On 3/14/2012 12:41 AM, geraldine oliveux wrote:
> Hello,
>
> I'm a new user of Mathematica. I'm trying to fit data to a model in
> which I have one parameter. I try to determine this parameter by
> Levenberg-Marquardt Method.
> I wrote the following lines :
> data = {{0., 0.425}, {60.6, 0.224}, {91.2, 0.1314}, {119.4, 0.0716},
> {150., 0.040}, {181.8, 0.0241}}
> u = t*(a*sqrt[e0])/2
> x = Tanh[t*(a*sqrt[e0])/2]
> Etac = e0*(1 - x^2)
> fit = FindFit[data, Etac, a, t, Method ->  "LevenbergMarquardt"]
>
> But it gives me the following message :
> FindFit::nrlnum: "The function value {0.,-0.224+0.425\ (1. -1.\
> Tanh[Times[<<2>>]]^2),-0.1314+0.425\ (1. -1.\
> Tanh[Times[<<2>>]]^2),-0.0716+0.425\ (1. -1.\
> Tanh[Times[<<2>>]]^2),-0.04+0.425\ (1. -1.\
> Tanh[Times[<<2>>]]^2),-0.0241+0.425\ (1. -1.\ Tanh[Times[<<2>>]]^2)}\
> \n is not a list of real numbers with dimensions {6} at {a} = {1.}. "
>
> What does it mean ? I think there is something I don't do well, and
> that it concerns the data declaration.
> Thank you in advance for your help,
> Best regards,
> G=E9raldine
>

The message means that the model did not evaluate to a real number for 
at least one of the data points for a value of a that the algorithm 
tried. It the particular example sent, this happens at the starting 
value for a, which is 1 by default.

There are a couple problems I see in the code. First sqrt should be 
Sqrt. With that fix, we can see there is still a problem by substituting 
the initial value of a and the t values from the data:

In[1]:= data = {{0., 0.425}, {60.6, 0.224}, {91.2, 0.1314}, {119.4,
     0.0716}, {150., 0.040}, {181.8, 0.0241}};
u = t*(a*Sqrt[e0])/2;
x = Tanh[t*(a*Sqrt[e0])/2];
Etac = e0*(1 - x^2);

In[5]:= Etac /. {a -> 1} /. t -> data[[All, 1]]

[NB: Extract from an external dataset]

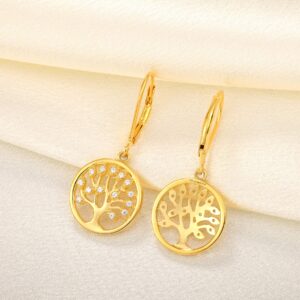 JO WISDOM 925 Sterling Silver Family Gold Tree of Life Drop & Dangle Leverback Earrings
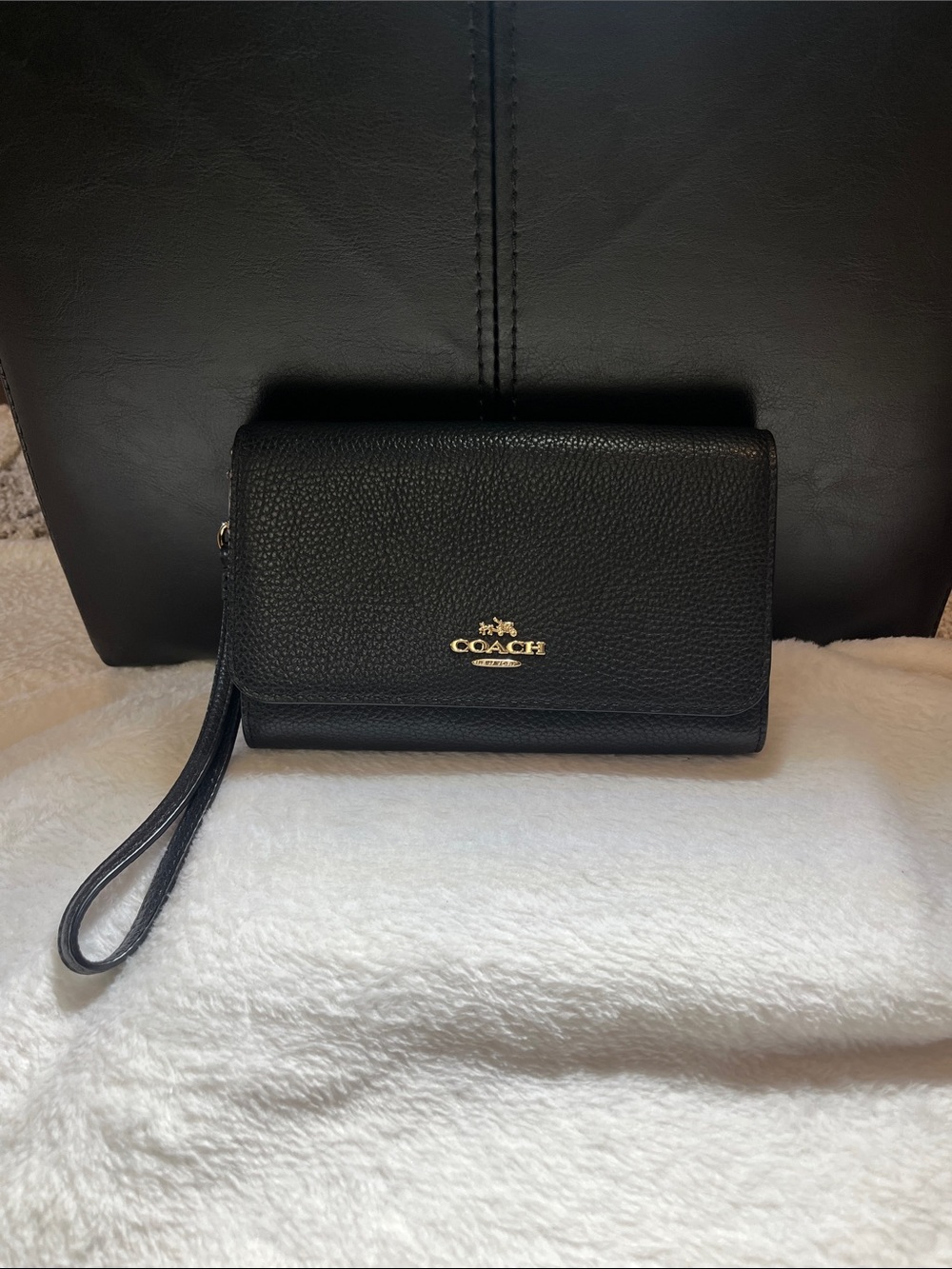 Coach Black Pebbled Leather Wristlet Wallet with Gold Logo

Out[5]= {1. e0, e0 (1 - Tanh[30.3 Sqrt[e0]]^2),
  e0 (1 - Tanh[45.6 Sqrt[e0]]^2), e0 (1 - Tanh[59.7 Sqrt[e0]]^2),
  e0 (1 - Tanh[75. Sqrt[e0]]^2), e0 (1 - Tanh[90.9 Sqrt[e0]]^2)}


The parameter e0 does not have a numeric value, so either it will need 
to be estimated by FindFit as well:


In[6]:= fit =
  FindFit[data, Etac, {a, e0}, t, Method -> "LevenbergMarquardt"]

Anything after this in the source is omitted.